This is Mr. Weber's talk to students on October 22, 2012.
There’s a famous story about a corporation in Dallas that spent several 100 million dollars building a new corporate headquarters—a 50 story building featuring all the amenities. Besides giving their employees more room, the leaders of the corporation hoped that moving into this new building would improve corporate morale. However, when the big day came for the employees to move in, they realized they had made a terrible mistake. Apparently, the elevator system they installed was too slow, such that all their employees began to complain. It got to the point after several weeks that the leadership began to think the new building was actually hurting morale, and were on the verge of ripping out the brand new elevator system to put in a faster one, which would have cost the company over 10 million dollars.
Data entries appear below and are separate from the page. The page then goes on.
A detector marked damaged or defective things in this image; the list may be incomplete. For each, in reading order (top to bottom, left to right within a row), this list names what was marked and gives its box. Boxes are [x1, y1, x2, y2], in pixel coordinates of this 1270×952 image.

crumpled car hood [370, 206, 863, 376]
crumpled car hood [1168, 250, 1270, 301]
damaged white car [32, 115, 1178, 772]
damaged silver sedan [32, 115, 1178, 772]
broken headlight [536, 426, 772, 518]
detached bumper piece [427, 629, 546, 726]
But before they made that decision, they decided to hire an industrial psychologist to study the problem. The psychologist came to the new building, rode up and down the elevators with employees several times, walked into corporate headquarters and made a suggestion that would only cost the company about $1,000. The company took his advice and from the moment they did, complaining almost completely stopped. The original elevator system is still in use today.
Q. What did the expert suggest?
A. Install mirrors inside the elevators. Once the mirrors were installed, the employees spent so much time primping and inspecting themselves, they forgot all about the slow elevators.
That’s a true story, but there is a kind of parable-like quality to it in terms of what it says about us. It is reminiscent, I believe, of the story of Narcissus from Greek and Roman mythology. You remember the story. Narcissus (Nar-SIS-us) became thirsty and went to drink from a stream. When he saw his reflection in the water, he fell in love with it, not knowing that it was himself. As he bent down to kiss it, it seemed to "run away" and he was heart broken. He grew thirstier but he wouldn't touch the water for fear of damaging his reflection, so he eventually died of thirst and self love, staring at his own reflection.
There is within us, I think, a certain amount “narcissism” –vanity and self-centeredness--that makes us unaware of our surroundings, and certainly unaware of the needs and struggle of others. The “mirror” becomes a kind of symbol of that, and perhaps even a symbol of our society today. We don’t need more mirrors. Instead, we need windows that help us look outward and not inward.
That's why I am pleased to announce that JPII has formalized an arrangement with a Catholic school in France for an exchange program with us, our third exchange program (the others are Loughlin in England and the German exchange with a Muenster Catholic school). Madame Taylor and Mrs. Phillips spent Fall break with the leaders of this school in France to talk through how the program would work and recommended to me that we go forward, and I am delighted to endorse that recommendation. There's no better way to look outward than to immerse ourselves in a foreign culture for 2-3 weeks--so especially if you're taking French here, I hope you will look into that program.
But there are other ways to look outward as well. Our Christian service program places us in situations that may be a little uncomfortable to us, but that's a good thing, in that it helps us understand people with less advantages than we have. I like the fact that there's a good mix of faiths in this school--the interplay between Catholics and non-Catholics is something that helps us re-examine our assumptions. The word "respect" means literally to "look at a second time." I like that this student body comes from 21 cities or towns, ten different zip codes, and two different states. Contrary to the way many think, our differences should not lead to intolerance, but to respect, as we are able to re-examine our beliefs a second time while considering the beliefs of others.